16. Determine whether response personnel receive any formal or informal training on response and recovery procedures. Determine whether personnel are required to receive training, and whether any records are kept that show which personnel received training and at what time.

17. Examine the organization’s change control process. Determine whether the process includes any steps or procedures that require personnel to determine whether any change has an impact on disaster recovery documentation or procedures.

Reviewing Prior Test Results and Action Plans

Effectiveness of disaster recovery and business continuity plans relies, to a great degree, on the results and outcomes of tests. An IT auditor needs to carefully examine these tests to determine their effectiveness and to what degree they are used to improve procedures and to train personnel. The following procedure will help the IT auditor to determine the effectiveness of business continuity and disaster recovery testing:

1. Determine whether there is a strategy for testing business continuity and disaster recovery procedures.

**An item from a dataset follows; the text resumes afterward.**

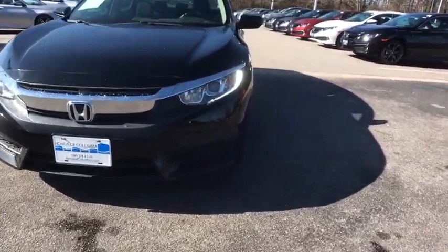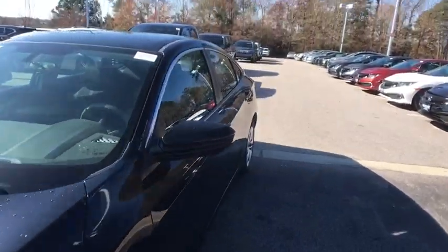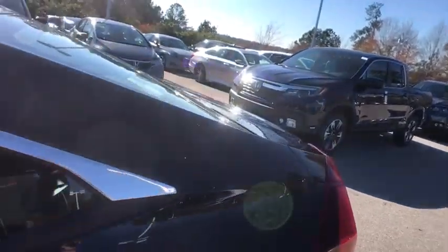If affordable style and reliability are what you're looking for, this vehicle couldn't be more perfect. Drive it today.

Obtain records for past tests and a plan for future tests. Determine whether prior tests and planned tests are adequate for establishing the effectiveness of response and recovery procedures.

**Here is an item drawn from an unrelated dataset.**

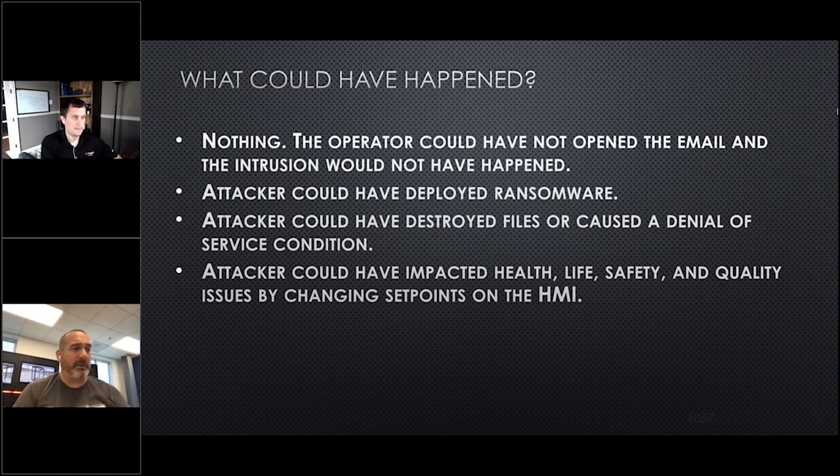The attacker could have deployed ransomware — as we all know, ransomware is very popular. They could have locked up our HMI so we'd have no access to anything. They could change the set points, turn the pump on, turn the pump off — ransomware would create a really bad day. They could have destroyed files and wreaked havoc on our computers throughout the system. They did not do that. One of the big things is they could have impacted health, life, and safety by changing the set point on the HMI — they did not do that either. When we saw the tank overflow, we did see that high level switch kick on and the pump shut off.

2. Examine records for tests that have been performed over the past year or two. Determine the types of tests that were performed. Obtain a list of participants for each test. Compare the participants to lists of key recovery personnel. Examine test work papers to determine the level of participation by key recovery personnel.

3. Determine whether there is a formal process for recording test results and for using those results to make improvements in plans and procedures. Examine work papers and records to determine the types of changes that were recommended in prior tests. Examine BC and DR documents to see whether these changes were made as expected.

4. Considering the types of tests that were performed, determine the adequacy of testing as an indicator of the effectiveness of the BC program. Did the organization only perform document reviews and walkthroughs, for example, or did the organization also perform parallel or cutover tests?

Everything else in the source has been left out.